Mention Balham to most people – especially those old enough to remember Peter Sellers’s radio work – and they’ll gleefully respond with the phrase “Gateway to the South!” For the longest time there was little else to recommend the place. Bombed out of all recognition in the London Blitz, it’s now just a row of fairly unattractive low rent shops. All right it’s got a Waitrose. And it’s not far from Clapham. And it’s handy for the Northern Line. But having an easy means of escape is hardly the highest praise that can be heaped on a place.
However, for those in the know there is now a very good reason to visit Balham. Tucked away on a side street, and very often ignored by those crawling between the pubs on the high street is the Balham Bowls Club. It was until a few years ago a functioning bowls club, frequented by distinguished gentlemen who no doubt muttered over their G&Ts about the raucous goings-on in the Be@One next door. And quite right too. Terrible place. Full of loud youngsters drinking brightly coloured cocktails. But then – as is often the way with places frequented by muttering old men – the tide of time overtook them and they found themselves having to sell their clubhouse. It was bought by someone who had the bright idea of turning it into a bar, and then the even brighter idea of not doing the usual strip-it-out-and-give-it-a-retro-refit but just leaving it as it is. So, all the old armchairs are there, the snooker room, the board listing past club presidents, the glasses that you remember from the 70s and wonder where they went to, the dusty portrait of the Queen, and best of all that oak-panelled sense of calm that you only ever get in places like that.

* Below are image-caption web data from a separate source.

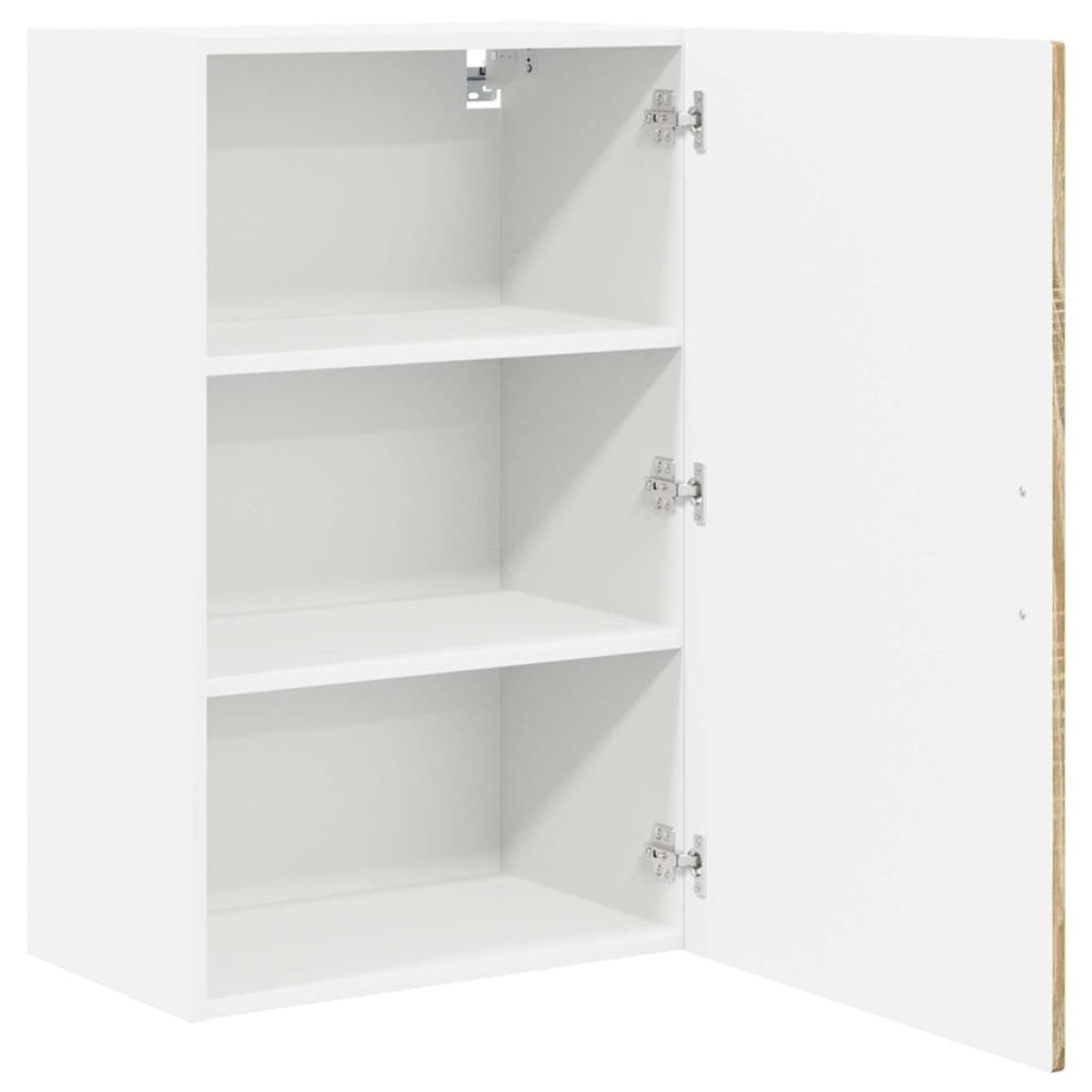 vidaXL Ντουλάπα Τοίχου PORTO Δρύς Sonoma 50 x 31 x 80 εκ.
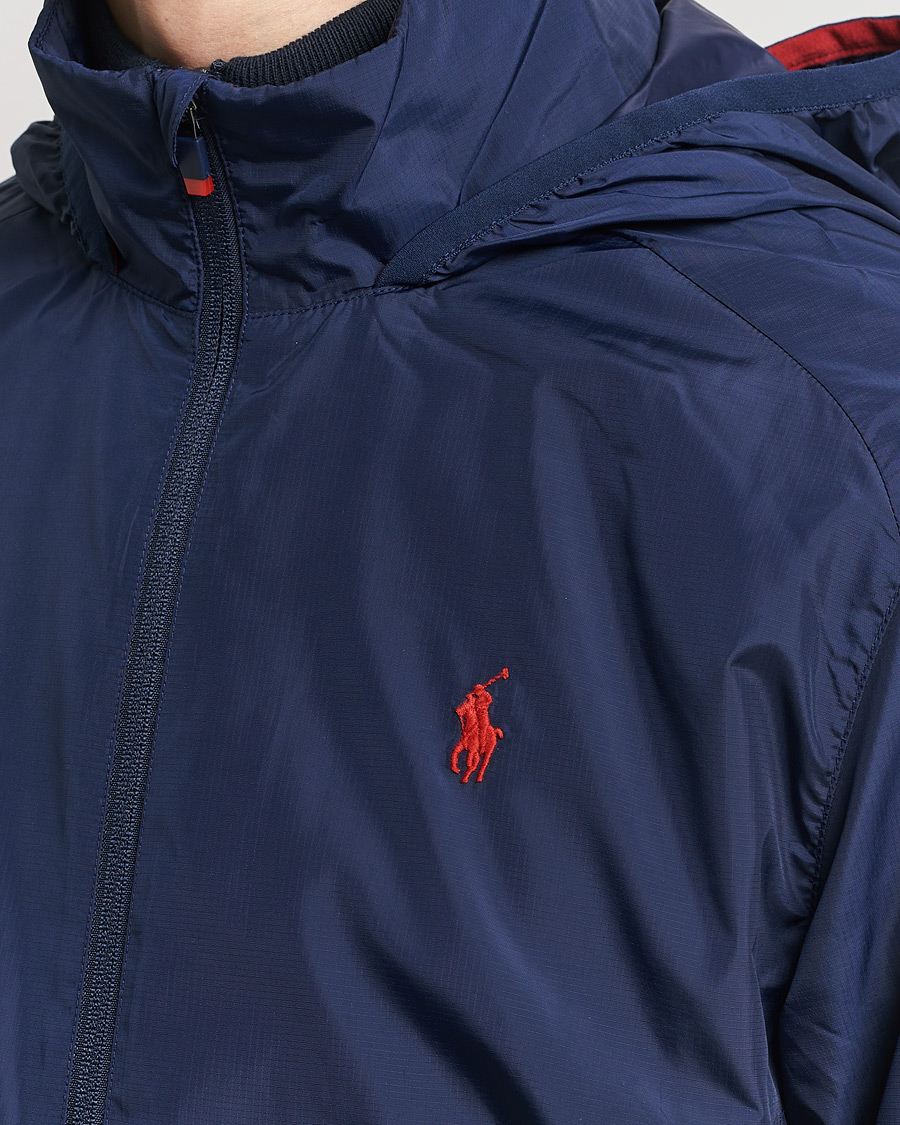 Herr | Jackor | Polo Ralph Lauren | Vital Hooded Windbreaker Newport Navy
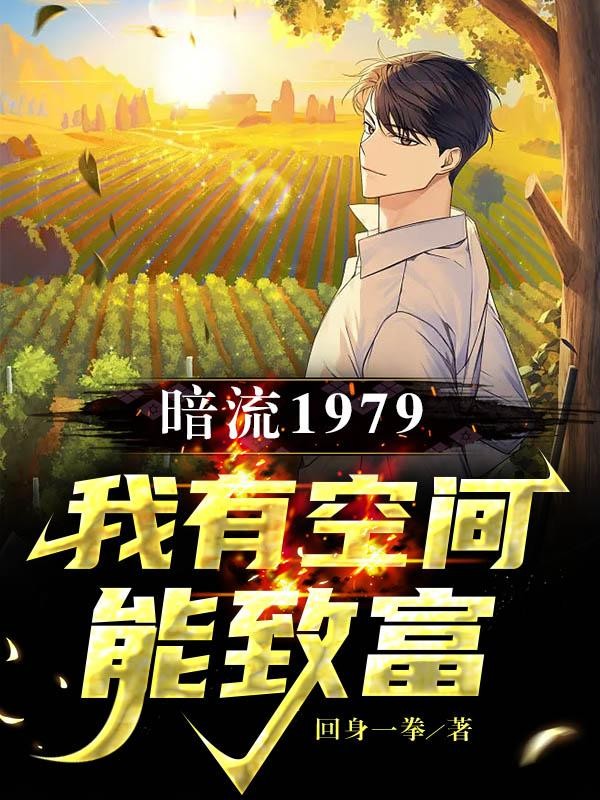 暗流1979,我有空间能致富封面
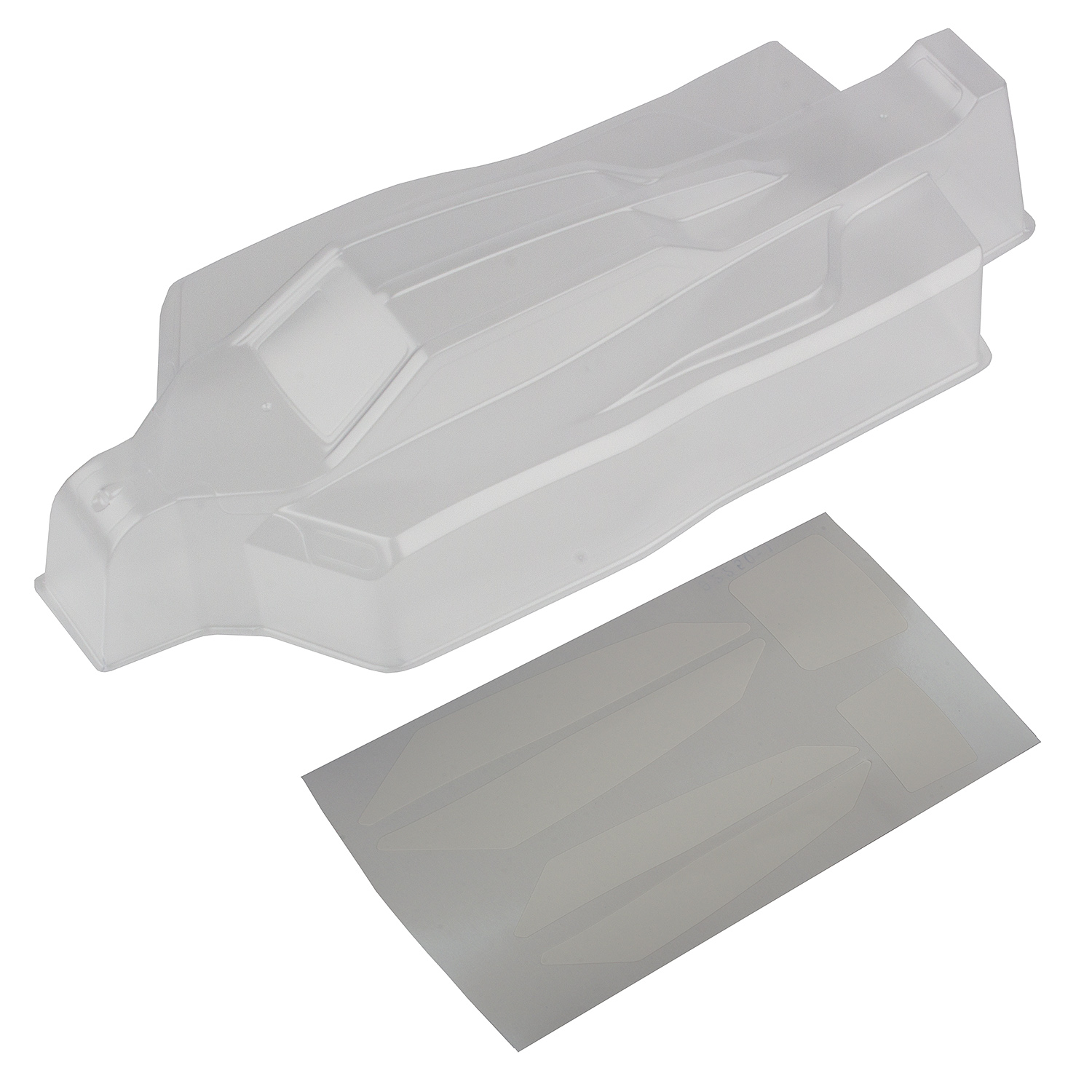 RC10B74 Body, clear (92250) Team Associated 1 RC10B74 Body, clear (92250) Team Associated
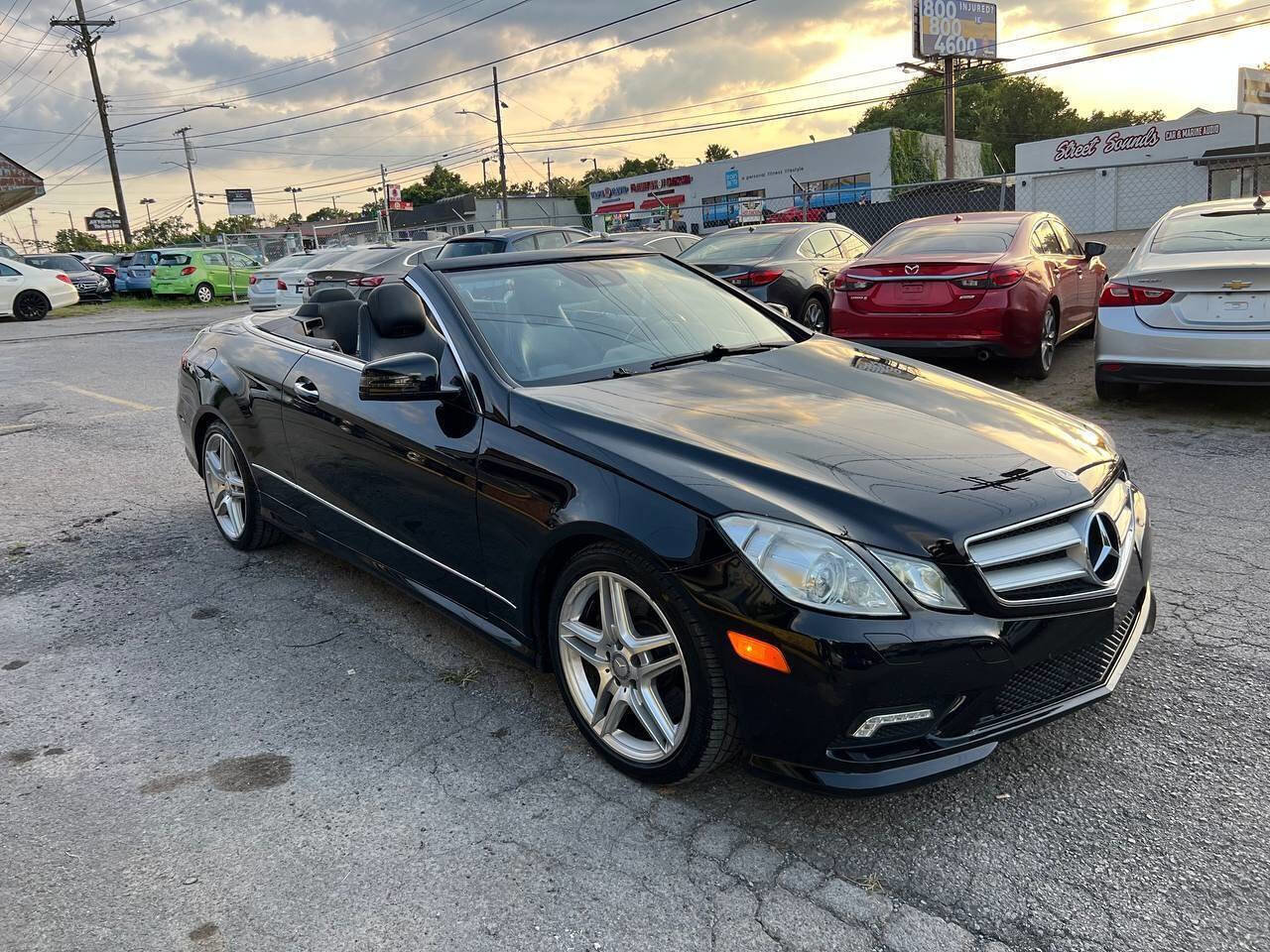 Used 2011 Mercedes-Benz E 550 Cabriolet image 12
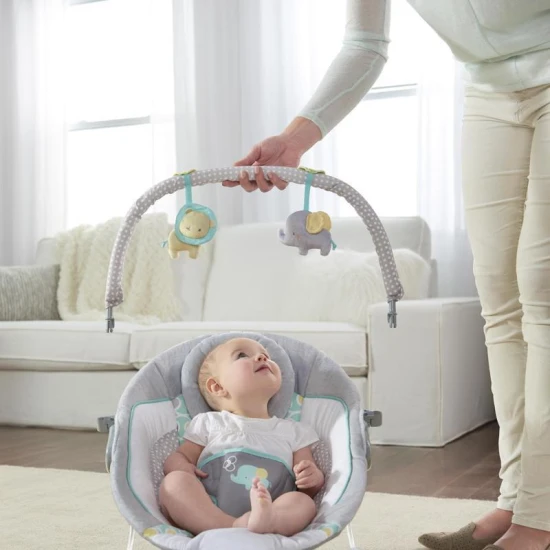 Lehátko vibrující s melodií Morrison 0m+ do 9 kg, 2019 Ingenuity 11203-3
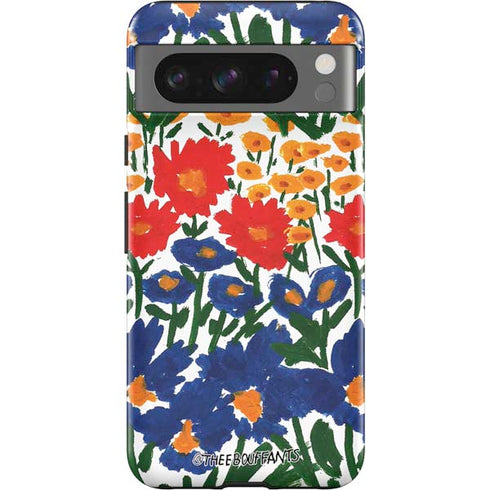 Bouffants and Broken Hearts Wild Garden 4 Google Pixel 8 Pro Impact Case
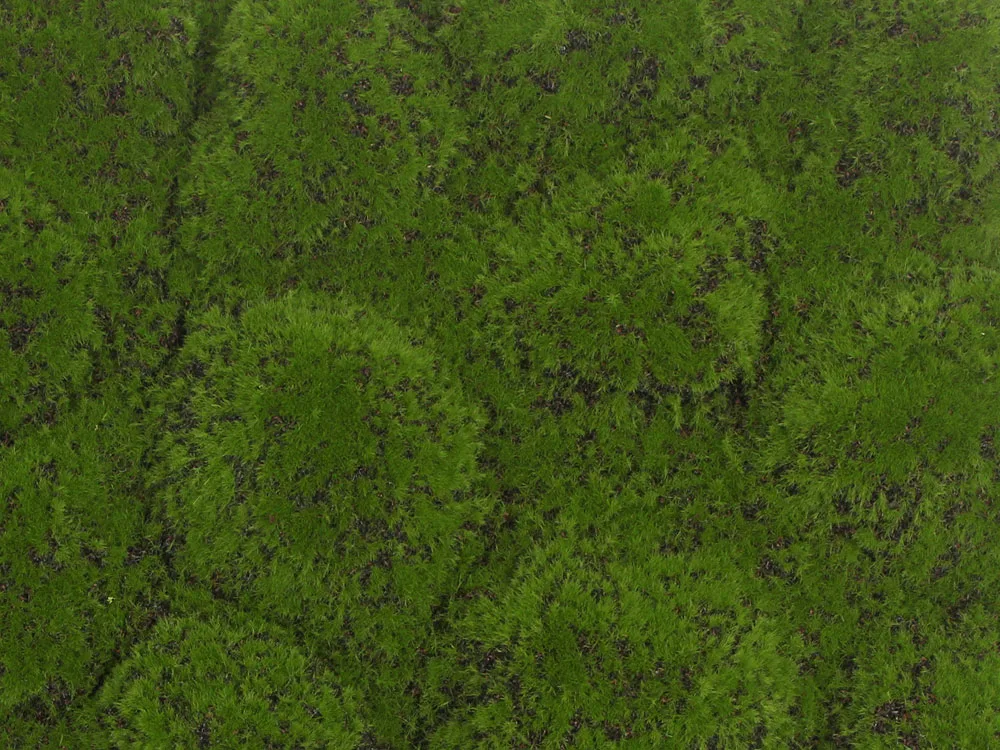 Globe moss green/brown , dílec 50 x 50 cm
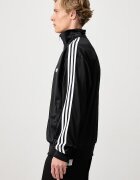 adidas Originals суичър с цип мъжки Firebird черен KD8312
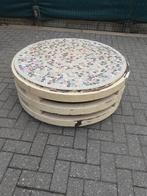 Lage tafel met bierdopjes, Tuin en Terras, Ophalen, Gebruikt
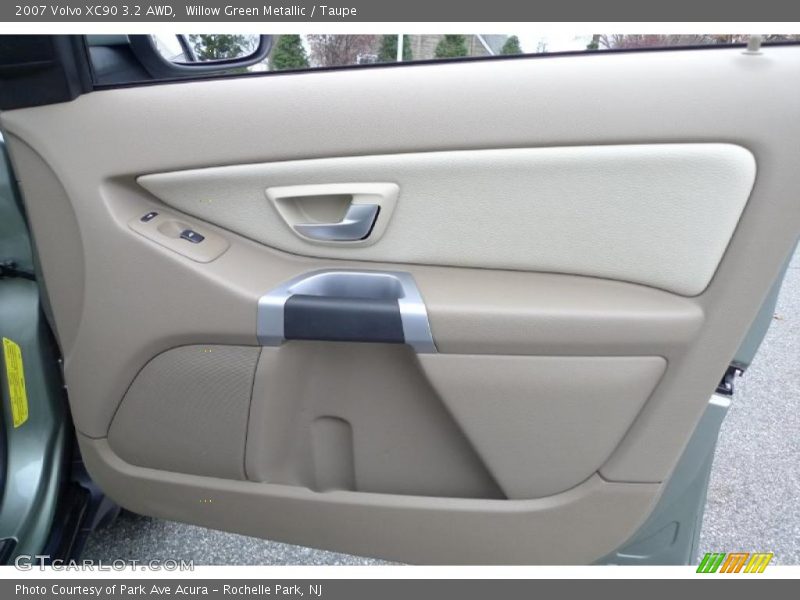 Willow Green Metallic / Taupe 2007 Volvo XC90 3.2 AWD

So, it’s a superb place for a couple of drinks of a Wednesday evening. And I was lucky enough to be there doing exactly that last night. I was even luckier to be doing it with one of the most charming and interesting PR executives I know. Which brings me away from ruminations on my local area and bars, and onto something closer to the alleged subject of this blog…..
We were discussing the many differences between working in-house and at an agency. She works in-house and has a great job that she loves. She had many good things to say about the agencies she worked at before going clientside. She even had some good things to say about the agencies who now work for her and pitch to her. But one thing neither she nor I could work out is why agencies insist on putting their most junior staff through the ordeal of calling up journalists and pitching stories to them. Very often this involves giving them fairly weak angles on unexciting stories, sitting them at a desk with a phone and telling them to get on with it. It rarely results in them placing a story, and more often results in them alienating the journalist, damaging the client brand and making the poor PR executive wish he or she was working somewhere else.
So, last night as we watched a large fluffy dog pad into the room and jump the queue at the bar to be served a bowl of fresh water, we agreed that the practice is rife and counter-productive in the long run (agencies making their junior staff do these ring-rounds, not dogs jumping queues in bars). She’d had to do it many times at the start of her career and had found it a largely embarassing and pointless exercise – she now builds long-term relationships with key journalists and phones them up when she’s got something genuinely interesting to discuss with them. I get a couple of calls a week from people who clearly don’t really understand what they’re pitching to me, and don’t really want to be doing it – I find it largely embarassing and pointless and would much prefer it if PR executives took the time to build a long-term relationship with me and called me when they have something interesting to say. I know that every other journalist would prefer that. I know that anyone who’s ever worked in a PR agency would prefer that. I know that clients would get more coverage and so would prefer it.
So, the question is this: why do agencies insist on putting their junior staff through this ordeal?